> **Description of the task**
Show, from the records below, all lines that contain the word "квартира".

> **Data section**
- - - - -
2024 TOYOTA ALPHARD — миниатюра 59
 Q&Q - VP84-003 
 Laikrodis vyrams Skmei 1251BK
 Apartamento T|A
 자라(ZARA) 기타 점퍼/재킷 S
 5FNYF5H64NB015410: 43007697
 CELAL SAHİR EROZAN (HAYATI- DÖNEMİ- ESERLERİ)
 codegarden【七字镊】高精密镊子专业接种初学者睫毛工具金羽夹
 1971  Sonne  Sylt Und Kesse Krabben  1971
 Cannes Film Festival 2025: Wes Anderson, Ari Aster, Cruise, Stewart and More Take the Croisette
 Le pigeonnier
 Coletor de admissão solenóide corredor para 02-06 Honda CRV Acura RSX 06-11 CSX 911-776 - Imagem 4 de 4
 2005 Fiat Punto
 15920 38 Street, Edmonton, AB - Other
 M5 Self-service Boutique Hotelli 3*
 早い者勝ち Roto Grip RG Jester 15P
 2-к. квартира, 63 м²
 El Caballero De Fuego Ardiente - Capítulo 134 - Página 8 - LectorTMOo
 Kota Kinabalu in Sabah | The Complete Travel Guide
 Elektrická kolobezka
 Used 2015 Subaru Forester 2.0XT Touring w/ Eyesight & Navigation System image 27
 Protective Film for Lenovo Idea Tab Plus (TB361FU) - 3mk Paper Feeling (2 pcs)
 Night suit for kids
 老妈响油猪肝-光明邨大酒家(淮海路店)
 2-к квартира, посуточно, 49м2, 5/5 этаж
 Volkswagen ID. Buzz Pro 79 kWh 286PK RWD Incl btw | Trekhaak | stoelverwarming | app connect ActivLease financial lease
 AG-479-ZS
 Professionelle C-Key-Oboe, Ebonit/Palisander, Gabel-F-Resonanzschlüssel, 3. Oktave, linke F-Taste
- - - - -
> **Result of this exercise**
 2-к. квартира, 63 м²
 2-к квартира, посуточно, 49м2, 5/5 этаж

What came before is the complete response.